Förderung funktioniert, aber ...

Diesen Weg beschreitet das Land bereits seit geraumer Zeit. Bereits seit dem Jahr 2007/2008 werde vermehrt der Ausbau von Erzieherausbildungsstellen in Angriff genommen, so das Kultusministerium Baden-Württemberg. "Im Schuljahr 2007/2008 wurden 2.929 Schülerinnen und Schüler im ersten Jahr der Erzieherinnen- und Erzieherausbildung gezählt, im Schuljahr 2020/2021 waren es 5.547 Schülerinnen und Schüler. Damit wurde die Zahl der Erzieherinnen und Erzieher in Ausbildung in den vergangenen Jahren bereits nahezu verdoppelt", heißt es.
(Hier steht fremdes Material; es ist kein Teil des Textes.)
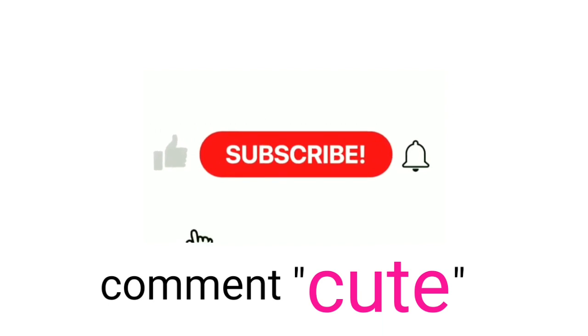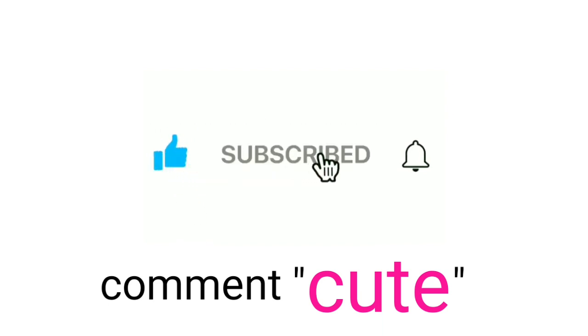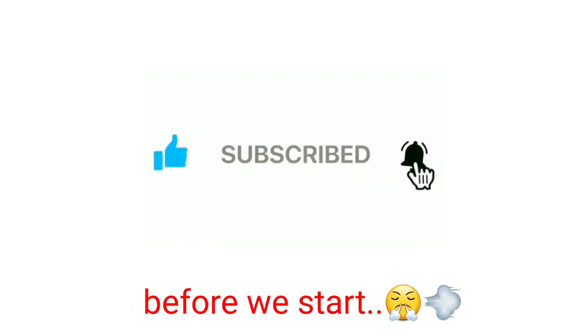Only legends can like the video and subscribe with notifications before we start, in 3, 2, 1.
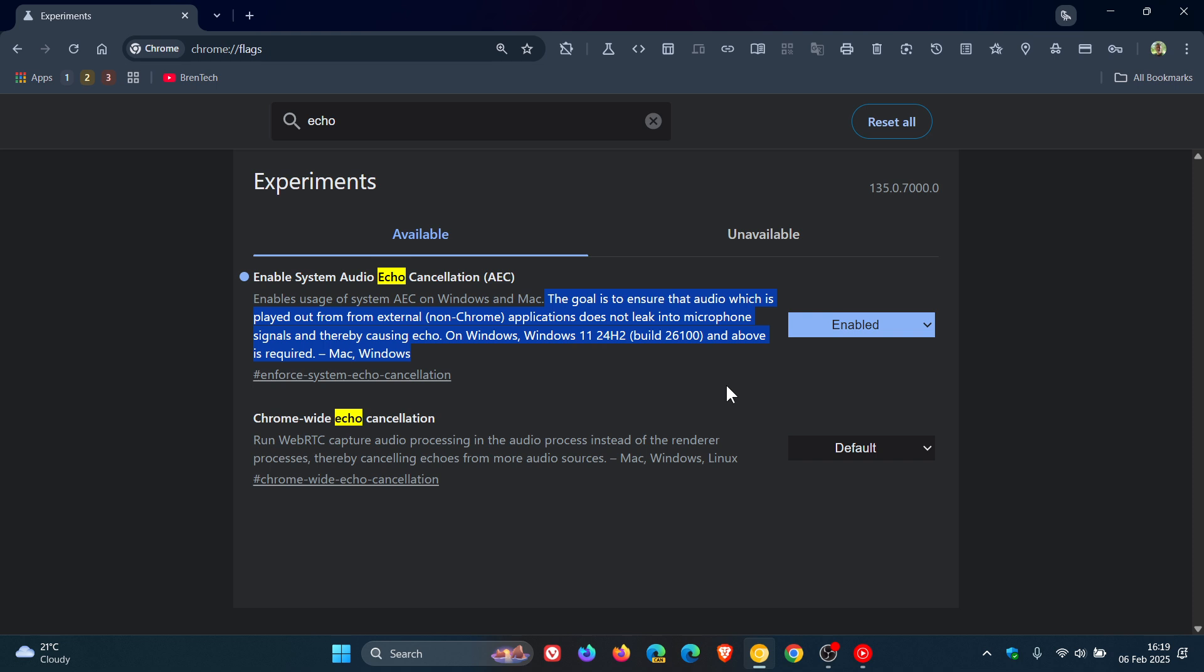System AEC stops audio from other apps, like your music or videos, from leaking into your microphone during your video call. So this could be a very handy feature.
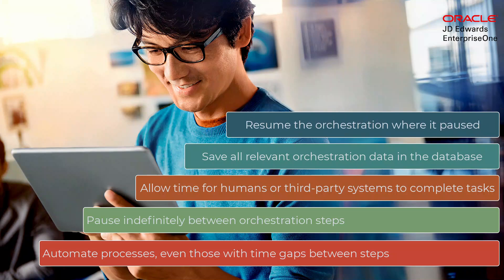With stateful orchestrations, you can pause an orchestration indefinitely between steps. For example, to allow time for humans or third-party systems to complete tasks such as reviews, approvals, or long-running jobs.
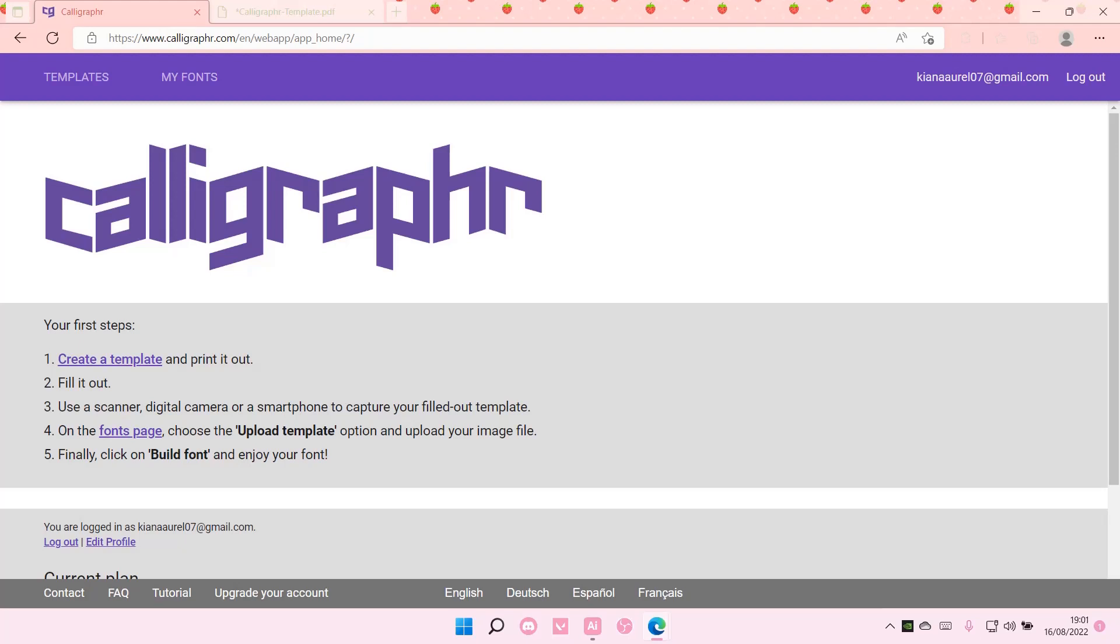Hey guys and welcome back to this channel. In this video, I'll be showing you how you can create your own font in Calligrapher using your own handwriting.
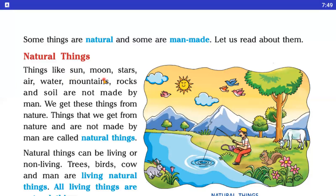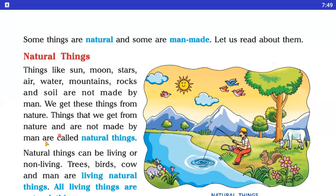Moon, stars, air that means hawa, water that means paani, mountains — parvat — rocks that means chattane, and soil that means mitti. Yeh sari chizay hain jo man ne nahi banai hai, insan ne nahi banai hai — God ne banai hai. And we get these things from nature — prakriti ke through, jo God gifted hoti hai. So these things that we get from nature and are not made by man are called natural things.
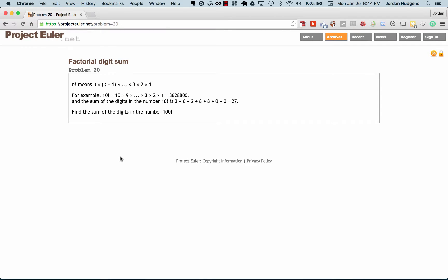I really like the problem that we're going to work on in this video, it's the factorial digit sum problem. The reason why I like it is because I think it's a perfect one to practice a lot of the things that we've learned in the course. So after we read this, definitely try to pause the video and try to build it yourself before we go through the solution.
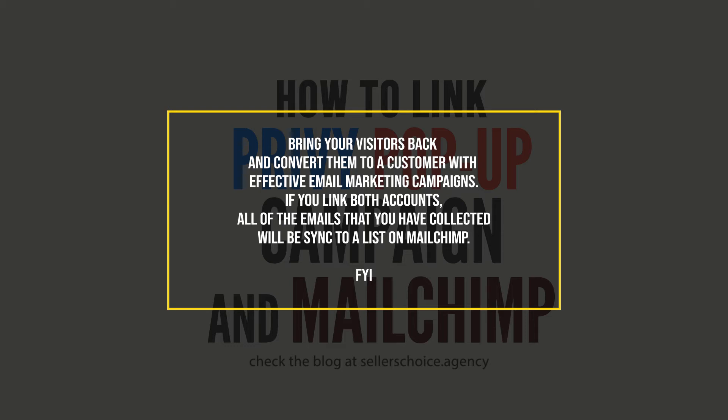One good email marketing company is Mailchimp. If you link both accounts, all of the emails that you have collected will be synced on Mailchimp.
Baden-Württembergs Kultusministerin Theresa Schopper (Grüne) spricht bei einer Pressekonferenz.
Baden-Württembergs Kultusministerin Theresa Schopper (Grüne) spricht bei einer Pressekonferenz. Die Zahl der Erzieherinnen und Erzieher in Ausbildung wurde in den vergangenen Jahren bereits nahezu verdoppelt, erklärt das Kultusministerium. | Bild: Bernd Weißbrod/dpa/Archivbild

Diese Maßnahme habe sich nach Ansichten des Ministeriums bewährt, werde unter den derzeitigen Umständen allerdings zunehmend herausgefordert: "Der aktuelle Personalengpass wird durch die Zunahme der zu betreuenden Kinder (auch aus der Ukraine) noch einmal verschärft. Der Fachkräftemangel trifft viele Branchen und Berufe und ist auch auf eine schwierige demografische Entwicklung zurückzuführen", so das Land.

Damit Erzieher im Beruf bleiben

Deshalb sei weiter die Strategie, zusätzliche Personen für die Arbeit in Kitas zugewinnen und diese durch attraktive Angebote auch in ihrem Beruf zu halten, erklärt das Kultusministerium BW. "Dafür hat das Land Baden-Württemberg eine gemeinsame Initiative mit den Partnern gestartet, die an der frühkindlichen Bildung beteiligt sind. Dazu gehören beispielsweise die Träger der Kindertageseinrichtungen, der Kommunalverband Jugend und Soziales (KVJS), Gewerkschaften und die Regionaldirektion der Bundesagentur für Arbeit."

Auf dem Stephanplatz demonstrieren ver.di und das Frauenbündnis 8. März Karlsruhe gemeinsam für bessere Arbeitsbedingungen.
8. März: Zu einem attraktiven Beruf gehöre auch entsprechende Arbeitsbedingungen. Deshalb demonstrieren ver.di und das Frauenbündnis Karlsruhe auf dem Stephanplatz gemeinsam für Besserungen im Erzieherbereich. | Bild: Thomas Riedel

So viel zur längerfristigen Perspektive in der Personal-Krise der Kindertagesstätten. Um kurz- bis mittelfristig auf Personalengpässe zu reagieren, werde in Kitas auf verschiedene weitere Möglichkeiten zurückgegriffen - unter anderem auf die Beschäftigung von Zusatzkräften, meint das Ministerium.

Zusatzkräfte als Lückenfüller

"Zusatzkräfte im Sinne des KiTaG sind Personen, die aufgrund ihrer Qualifikation in anderen Feldern die pädagogische Arbeit in einer Einrichtung bereichern", erklärt das Kultusministerium. Ob und inwiefern sich ein potenzieller Kandidat oder Kandidatin als Zusatzkraft eigne, darüber entscheide der jeweilige Träger der Einrichtung. "Eine Anrechnung von Zusatzkräften auf den Mindestpersonalschlüssel ist nicht möglich", so das Kultusministerium.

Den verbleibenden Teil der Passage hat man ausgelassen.